Documentation for amber_meta

This repository integrates a few routines to launch amber in a systematic manner.

Getting the code

git clone https://github.com/macrocosme/amber_meta.git
cd amber_meta/
pip[3] install -r requirements.txt

Requirements

## These can't be pip installed
# sigproc
# filterbank
# http://github.com/liamconnor/arts-analysis

# pip[3] install -r requirements.txt
PyYAML>=3.13
matplotlib>=3.0.3
pandas>=0.21.1
seaborn>=0.9.0
sphinx_automodapi>=0.10

Usage

The most basic usage is via python amber_run.py, and parameters that will be prompted.

Else, more advanced usage involves functions not yet added to amber_runs's main. In an ipython session:

import amber_meta.amber_run as ar
import amber_meta.amber_plot as ap

# Run amber using root scenario yaml file
'''
The amber job(s) will run independently. The following steps currently
involves that these jobs have terminated and their .trigger outputs
be available.
'''
imput_file = 'yaml/root/root.yaml'
ar.run_amber_from_yaml_root(
  input_file,
  root='subband',
  verbose=False,
  print_only=True
) # Print only will not launch the amber job. When False, the command will be run via subprocess.
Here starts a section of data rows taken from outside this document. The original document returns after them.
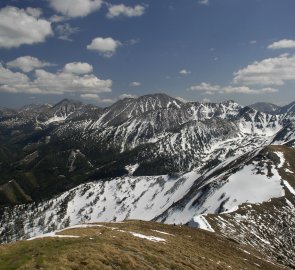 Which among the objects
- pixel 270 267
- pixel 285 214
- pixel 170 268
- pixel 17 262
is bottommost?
pixel 285 214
# Read amber output .trigger files (e.g. steps 1..N) pooled into a pandas dataframe
df = ar.get_amber_run_results_from_root_yaml(
  input_file,
  root='subband',
  verbose=False
)

# Make pair plot from output
pairplot(
  df,
  output_name='../pairplot.pdf'
)

Example of root yaml file

# AMBER setup for bruteforce dedispersion
bruteforce:
    input_file: 'path/to/filterbank.fil'
    n_cpu: 1
    base_name: 'scenario_base_name'
    base_scenario_path: 'scenario/' # Path where amber scenario files live
    scenario_files:  ['tuning.sh']
    snrmin: 8
    base_config_path: 'configuration/' # Path where amber configuration files live
    config_repositories: ['scenario_base_name']
    debug: False
    rfim: True
    rfim_mode: 'time_domain_sigma_cut'
    rfim_threshold: None
    snr_mode: 'snr_mom_sigmacut'
    input_data_mode: 'sigproc'
    output_dir: 'results/'
    verbose: True
    print_only: False
# AMBER setup for subband dedispersion
subband:
    input_file: 'path/to/filterbank.fil'
    n_cpu: 3
    base_name: 'scenario_base_name'
    base_scenario_path: 'scenario/'
    scenario_files:  [
        'tuning_1.sh',
        'tuning_2.sh',
        'tuning_3.sh'
      ]
    snrmin: 8
    base_config_path: 'configuration/'
    config_repositories: [
        'scenario_base_name_step1',
        'scenario_base_name_step2',
        'scenario_base_name_step3'
      ]
    debug: False
    rfim: True
    rfim_mode: 'time_domain_sigma_cut'
    rfim_threshold: None
    snr_mode: 'snr_mom_sigmacut'
    input_data_mode: 'sigproc'
    output_dir: 'results/'
    verbose: True
    print_only: False

License

This project is licensed under the terms of the GNU GPL v3+ license.

amber_run

amber_meta.amber_run.AMBER_SETUP_PATH = '/home/vohl/AMBER_setup/'
amber_meta.amber_run.create_amber_command(base_name='scenario_3_partitions', input_file='data/filterbank/file.fil', scenario_file='$SOURCE_ROOT/scenario/3_dms_partitions/scenario_3_partitions_step1.sh', config_path='$SOURCE_ROOT/install/scenario_3_partitions_step1/', rfim=True, rfim_mode='time_domain_sigma_cut', rfim_threshold_tdsc=None, rfim_threshold_fdsc=None, snr_mode='snr_mom_sigmacut', input_data_mode='sigproc', cpu_id=1, snrmin=10, output_dir='$OUTPUT_ROOT/results/', verbose=True, root_name=None)[source]

Launch amber.

Creates an amber launch command to be run with subprocess.

Parameters:
  • base_name (str) -- Base name.
  • input_file (str) -- Intput filterbank file.
  • scenario_file (str) -- Scenario file (including path)
  • config_path (str) -- Path of configuration files
  • rfim (bool) -- Use RFI mitigation or not.
  • rfim_mode (str) -- RFI mitigation mode. Choices: [time_domain_sigma_cut | frequency_domain_sigma_cut]
  • rfim_threshold (str) -- Override rfim threshold value. Default: None
  • snr_mode (str) -- SNR mode. Choices: [snr_standard | snr_momad | snr_mom_sigmacut]
  • input_data_mode (str) -- Input data mode. Choices: [sigproc | data]
  • cpu_id (int) -- CPU id for process and GPU.
  • snrmin (int) -- Minimum SNR for outlier detection.
  • output_dir (str) -- Output directory.
  • verbose (bool) -- Print extra information at runtime.
  • root_name (str) -- Root name used for output.
amber_meta.amber_run.create_rfim_configuration_threshold_from_yaml_root(input_yaml_file, root='subband', rfim_threshold_tdsc='3.25', rfim_threshold_fdsc='2.50', verbose=False, print_only=False)[source]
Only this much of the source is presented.